Go to the line holding "Certified 2024 Subaru" in the entries below and write out exactly every line down to and including the line holding "VENDO TOYOTA HILUX".
*** DATA TO EXAMINE Section Begins ***
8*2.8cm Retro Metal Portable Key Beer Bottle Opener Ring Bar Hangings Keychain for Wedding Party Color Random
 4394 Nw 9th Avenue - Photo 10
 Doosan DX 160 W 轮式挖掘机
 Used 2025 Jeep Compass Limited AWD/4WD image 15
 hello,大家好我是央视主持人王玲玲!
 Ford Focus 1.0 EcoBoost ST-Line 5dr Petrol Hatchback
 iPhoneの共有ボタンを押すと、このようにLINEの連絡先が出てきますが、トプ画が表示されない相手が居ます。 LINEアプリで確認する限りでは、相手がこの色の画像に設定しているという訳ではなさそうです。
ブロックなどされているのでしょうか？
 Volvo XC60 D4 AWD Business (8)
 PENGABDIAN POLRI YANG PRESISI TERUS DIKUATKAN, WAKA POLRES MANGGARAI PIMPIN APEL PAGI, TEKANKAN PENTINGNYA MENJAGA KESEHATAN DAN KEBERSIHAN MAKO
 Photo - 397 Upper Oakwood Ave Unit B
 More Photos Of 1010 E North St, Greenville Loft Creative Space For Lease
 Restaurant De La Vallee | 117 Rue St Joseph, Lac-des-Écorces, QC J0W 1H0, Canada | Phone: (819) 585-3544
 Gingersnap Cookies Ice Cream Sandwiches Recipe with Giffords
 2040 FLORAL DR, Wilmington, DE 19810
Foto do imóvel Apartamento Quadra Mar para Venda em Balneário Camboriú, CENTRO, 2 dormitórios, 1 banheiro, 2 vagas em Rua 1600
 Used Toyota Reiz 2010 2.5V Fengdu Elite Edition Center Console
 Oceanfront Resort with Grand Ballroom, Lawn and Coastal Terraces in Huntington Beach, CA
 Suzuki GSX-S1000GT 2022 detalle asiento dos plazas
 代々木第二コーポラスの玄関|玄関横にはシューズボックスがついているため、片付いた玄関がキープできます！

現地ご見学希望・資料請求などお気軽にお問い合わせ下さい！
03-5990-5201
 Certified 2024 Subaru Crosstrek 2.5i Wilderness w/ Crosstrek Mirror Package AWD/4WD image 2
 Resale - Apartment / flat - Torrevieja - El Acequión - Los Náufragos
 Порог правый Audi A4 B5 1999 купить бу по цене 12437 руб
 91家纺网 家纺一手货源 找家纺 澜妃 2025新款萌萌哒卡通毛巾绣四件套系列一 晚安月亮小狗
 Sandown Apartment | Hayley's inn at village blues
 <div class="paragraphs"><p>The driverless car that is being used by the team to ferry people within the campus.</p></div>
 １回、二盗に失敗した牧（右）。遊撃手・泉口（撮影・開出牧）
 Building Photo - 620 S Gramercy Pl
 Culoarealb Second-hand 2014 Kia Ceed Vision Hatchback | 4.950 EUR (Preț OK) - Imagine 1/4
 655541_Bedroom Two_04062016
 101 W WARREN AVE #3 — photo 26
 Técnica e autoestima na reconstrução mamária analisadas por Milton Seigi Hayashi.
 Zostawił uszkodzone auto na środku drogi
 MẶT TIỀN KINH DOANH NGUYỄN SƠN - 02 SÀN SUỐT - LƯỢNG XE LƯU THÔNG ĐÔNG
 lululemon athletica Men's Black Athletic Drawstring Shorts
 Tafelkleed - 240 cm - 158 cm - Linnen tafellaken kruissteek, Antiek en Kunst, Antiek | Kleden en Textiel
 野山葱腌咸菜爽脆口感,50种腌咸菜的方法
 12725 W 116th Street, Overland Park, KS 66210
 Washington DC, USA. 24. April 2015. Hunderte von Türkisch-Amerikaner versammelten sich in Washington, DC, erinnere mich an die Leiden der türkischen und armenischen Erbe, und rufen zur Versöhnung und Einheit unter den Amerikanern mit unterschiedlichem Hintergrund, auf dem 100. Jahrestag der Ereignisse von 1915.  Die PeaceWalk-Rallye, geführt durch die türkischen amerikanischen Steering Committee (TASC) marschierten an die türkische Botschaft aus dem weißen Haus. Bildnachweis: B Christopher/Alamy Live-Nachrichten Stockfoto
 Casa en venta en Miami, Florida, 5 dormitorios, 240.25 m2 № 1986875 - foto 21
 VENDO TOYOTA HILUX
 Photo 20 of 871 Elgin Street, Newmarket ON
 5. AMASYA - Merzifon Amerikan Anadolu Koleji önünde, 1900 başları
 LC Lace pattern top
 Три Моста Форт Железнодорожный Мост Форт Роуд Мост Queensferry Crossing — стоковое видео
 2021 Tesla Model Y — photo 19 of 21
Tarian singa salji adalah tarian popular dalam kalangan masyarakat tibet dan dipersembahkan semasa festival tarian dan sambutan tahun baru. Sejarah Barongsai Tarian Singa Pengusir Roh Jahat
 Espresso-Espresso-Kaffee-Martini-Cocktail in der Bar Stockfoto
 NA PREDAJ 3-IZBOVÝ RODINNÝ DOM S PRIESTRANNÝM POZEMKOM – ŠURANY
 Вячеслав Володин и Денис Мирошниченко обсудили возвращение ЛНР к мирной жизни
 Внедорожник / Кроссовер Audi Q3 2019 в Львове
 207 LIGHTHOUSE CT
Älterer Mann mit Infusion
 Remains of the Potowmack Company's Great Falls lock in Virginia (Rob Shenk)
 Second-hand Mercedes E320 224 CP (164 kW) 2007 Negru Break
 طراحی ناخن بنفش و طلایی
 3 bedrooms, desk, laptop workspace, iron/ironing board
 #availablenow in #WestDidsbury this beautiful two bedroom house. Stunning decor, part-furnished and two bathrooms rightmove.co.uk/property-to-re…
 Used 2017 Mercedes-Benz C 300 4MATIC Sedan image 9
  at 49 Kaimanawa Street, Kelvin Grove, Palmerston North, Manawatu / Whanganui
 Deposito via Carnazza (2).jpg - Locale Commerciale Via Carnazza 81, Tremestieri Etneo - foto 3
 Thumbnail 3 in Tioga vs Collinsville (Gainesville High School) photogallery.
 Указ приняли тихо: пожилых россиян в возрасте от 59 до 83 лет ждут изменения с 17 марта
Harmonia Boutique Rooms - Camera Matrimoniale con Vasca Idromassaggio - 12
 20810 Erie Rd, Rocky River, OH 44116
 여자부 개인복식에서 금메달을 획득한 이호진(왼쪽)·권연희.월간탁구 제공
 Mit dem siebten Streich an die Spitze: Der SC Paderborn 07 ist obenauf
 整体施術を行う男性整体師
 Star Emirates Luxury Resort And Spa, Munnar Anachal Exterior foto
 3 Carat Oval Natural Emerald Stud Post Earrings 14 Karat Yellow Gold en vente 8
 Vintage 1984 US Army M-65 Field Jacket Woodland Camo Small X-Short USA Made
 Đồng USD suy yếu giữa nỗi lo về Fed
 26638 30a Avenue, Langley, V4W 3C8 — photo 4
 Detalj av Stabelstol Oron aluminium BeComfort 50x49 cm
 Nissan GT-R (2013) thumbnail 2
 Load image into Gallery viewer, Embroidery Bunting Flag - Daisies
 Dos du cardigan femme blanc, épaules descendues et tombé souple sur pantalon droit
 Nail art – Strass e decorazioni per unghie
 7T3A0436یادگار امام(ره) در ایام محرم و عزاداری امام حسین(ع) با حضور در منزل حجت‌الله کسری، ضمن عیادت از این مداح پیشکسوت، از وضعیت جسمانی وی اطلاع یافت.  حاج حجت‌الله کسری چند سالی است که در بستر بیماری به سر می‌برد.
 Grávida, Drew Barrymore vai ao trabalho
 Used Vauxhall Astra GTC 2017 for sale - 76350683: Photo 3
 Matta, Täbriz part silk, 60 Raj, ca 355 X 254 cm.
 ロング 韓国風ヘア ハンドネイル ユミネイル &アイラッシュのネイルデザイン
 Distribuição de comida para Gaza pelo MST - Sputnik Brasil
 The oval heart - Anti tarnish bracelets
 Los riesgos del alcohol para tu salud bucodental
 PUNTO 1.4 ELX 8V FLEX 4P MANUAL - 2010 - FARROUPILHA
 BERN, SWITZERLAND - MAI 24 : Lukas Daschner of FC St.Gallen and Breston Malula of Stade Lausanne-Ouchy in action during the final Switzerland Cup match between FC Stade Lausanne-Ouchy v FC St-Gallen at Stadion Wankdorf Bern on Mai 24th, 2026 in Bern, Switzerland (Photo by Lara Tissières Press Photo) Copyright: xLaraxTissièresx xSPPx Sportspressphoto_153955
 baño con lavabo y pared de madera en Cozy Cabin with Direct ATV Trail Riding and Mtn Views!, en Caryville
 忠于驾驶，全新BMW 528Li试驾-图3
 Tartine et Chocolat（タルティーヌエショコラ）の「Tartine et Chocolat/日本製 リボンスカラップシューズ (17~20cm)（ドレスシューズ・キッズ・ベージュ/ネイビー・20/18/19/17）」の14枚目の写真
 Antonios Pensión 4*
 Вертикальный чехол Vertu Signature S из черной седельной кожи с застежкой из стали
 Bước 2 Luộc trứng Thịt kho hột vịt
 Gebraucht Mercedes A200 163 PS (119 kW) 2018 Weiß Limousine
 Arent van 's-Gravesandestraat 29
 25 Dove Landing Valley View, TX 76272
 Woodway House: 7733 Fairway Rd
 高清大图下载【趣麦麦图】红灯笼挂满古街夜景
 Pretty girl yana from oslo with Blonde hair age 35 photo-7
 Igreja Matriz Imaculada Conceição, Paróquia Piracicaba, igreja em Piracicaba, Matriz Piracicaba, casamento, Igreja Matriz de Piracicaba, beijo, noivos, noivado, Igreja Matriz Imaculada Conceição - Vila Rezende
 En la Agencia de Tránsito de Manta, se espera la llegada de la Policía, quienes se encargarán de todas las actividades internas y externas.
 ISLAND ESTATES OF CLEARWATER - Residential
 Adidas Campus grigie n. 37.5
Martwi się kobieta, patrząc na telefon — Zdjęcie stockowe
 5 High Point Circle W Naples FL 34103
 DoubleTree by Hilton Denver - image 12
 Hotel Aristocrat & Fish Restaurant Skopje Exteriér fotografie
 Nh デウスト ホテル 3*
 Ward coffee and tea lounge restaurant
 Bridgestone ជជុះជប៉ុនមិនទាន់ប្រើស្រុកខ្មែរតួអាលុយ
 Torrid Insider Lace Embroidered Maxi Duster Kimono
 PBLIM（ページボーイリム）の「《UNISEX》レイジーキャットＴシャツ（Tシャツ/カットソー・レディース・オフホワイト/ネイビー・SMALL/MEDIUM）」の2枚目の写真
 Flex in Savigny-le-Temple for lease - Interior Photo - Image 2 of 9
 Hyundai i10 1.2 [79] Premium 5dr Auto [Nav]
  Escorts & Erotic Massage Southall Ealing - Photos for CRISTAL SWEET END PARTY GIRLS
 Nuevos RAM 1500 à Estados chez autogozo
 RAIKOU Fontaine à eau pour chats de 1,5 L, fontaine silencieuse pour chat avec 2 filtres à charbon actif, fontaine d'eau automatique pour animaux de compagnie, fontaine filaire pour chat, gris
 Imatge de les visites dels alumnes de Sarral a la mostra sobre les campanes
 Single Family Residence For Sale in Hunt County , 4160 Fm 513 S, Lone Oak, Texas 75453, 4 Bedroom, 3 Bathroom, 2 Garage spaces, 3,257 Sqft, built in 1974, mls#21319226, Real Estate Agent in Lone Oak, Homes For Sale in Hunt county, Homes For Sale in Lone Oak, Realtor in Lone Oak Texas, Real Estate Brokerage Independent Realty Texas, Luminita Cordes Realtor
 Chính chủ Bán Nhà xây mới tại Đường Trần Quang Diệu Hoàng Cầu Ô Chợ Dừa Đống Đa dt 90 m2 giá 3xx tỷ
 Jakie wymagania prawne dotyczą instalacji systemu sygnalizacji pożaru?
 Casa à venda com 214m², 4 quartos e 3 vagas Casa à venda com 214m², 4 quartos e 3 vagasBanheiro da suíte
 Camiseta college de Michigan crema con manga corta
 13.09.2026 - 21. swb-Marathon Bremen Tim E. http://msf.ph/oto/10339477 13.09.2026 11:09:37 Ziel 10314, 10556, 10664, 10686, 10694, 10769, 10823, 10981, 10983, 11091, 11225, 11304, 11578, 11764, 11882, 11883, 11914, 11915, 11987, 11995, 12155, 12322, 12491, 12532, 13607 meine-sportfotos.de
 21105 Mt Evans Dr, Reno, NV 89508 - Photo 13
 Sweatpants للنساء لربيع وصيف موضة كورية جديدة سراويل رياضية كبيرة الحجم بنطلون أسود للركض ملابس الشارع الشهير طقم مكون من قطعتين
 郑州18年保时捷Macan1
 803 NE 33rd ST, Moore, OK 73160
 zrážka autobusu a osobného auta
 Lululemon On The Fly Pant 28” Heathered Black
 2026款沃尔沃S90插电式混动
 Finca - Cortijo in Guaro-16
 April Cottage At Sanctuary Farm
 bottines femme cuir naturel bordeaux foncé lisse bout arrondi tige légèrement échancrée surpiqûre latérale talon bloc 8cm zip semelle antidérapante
*** DATA TO EXAMINE Section Ends ***
TASK ANSWER:
 Certified 2024 Subaru Crosstrek 2.5i Wilderness w/ Crosstrek Mirror Package AWD/4WD image 2
 Resale - Apartment / flat - Torrevieja - El Acequión - Los Náufragos
 Порог правый Audi A4 B5 1999 купить бу по цене 12437 руб
 91家纺网 家纺一手货源 找家纺 澜妃 2025新款萌萌哒卡通毛巾绣四件套系列一 晚安月亮小狗
 Sandown Apartment | Hayley's inn at village blues
 <div class="paragraphs"><p>The driverless car that is being used by the team to ferry people within the campus.</p></div>
 １回、二盗に失敗した牧（右）。遊撃手・泉口（撮影・開出牧）
 Building Photo - 620 S Gramercy Pl
 Culoarealb Second-hand 2014 Kia Ceed Vision Hatchback | 4.950 EUR (Preț OK) - Imagine 1/4
 655541_Bedroom Two_04062016
 101 W WARREN AVE #3 — photo 26
 Técnica e autoestima na reconstrução mamária analisadas por Milton Seigi Hayashi.
 Zostawił uszkodzone auto na środku drogi
 MẶT TIỀN KINH DOANH NGUYỄN SƠN - 02 SÀN SUỐT - LƯỢNG XE LƯU THÔNG ĐÔNG
 lululemon athletica Men's Black Athletic Drawstring Shorts
 Tafelkleed - 240 cm - 158 cm - Linnen tafellaken kruissteek, Antiek en Kunst, Antiek | Kleden en Textiel
 野山葱腌咸菜爽脆口感,50种腌咸菜的方法
 12725 W 116th Street, Overland Park, KS 66210
 Washington DC, USA. 24. April 2015. Hunderte von Türkisch-Amerikaner versammelten sich in Washington, DC, erinnere mich an die Leiden der türkischen und armenischen Erbe, und rufen zur Versöhnung und Einheit unter den Amerikanern mit unterschiedlichem Hintergrund, auf dem 100. Jahrestag der Ereignisse von 1915.  Die PeaceWalk-Rallye, geführt durch die türkischen amerikanischen Steering Committee (TASC) marschierten an die türkische Botschaft aus dem weißen Haus. Bildnachweis: B Christopher/Alamy Live-Nachrichten Stockfoto
 Casa en venta en Miami, Florida, 5 dormitorios, 240.25 m2 № 1986875 - foto 21
 VENDO TOYOTA HILUX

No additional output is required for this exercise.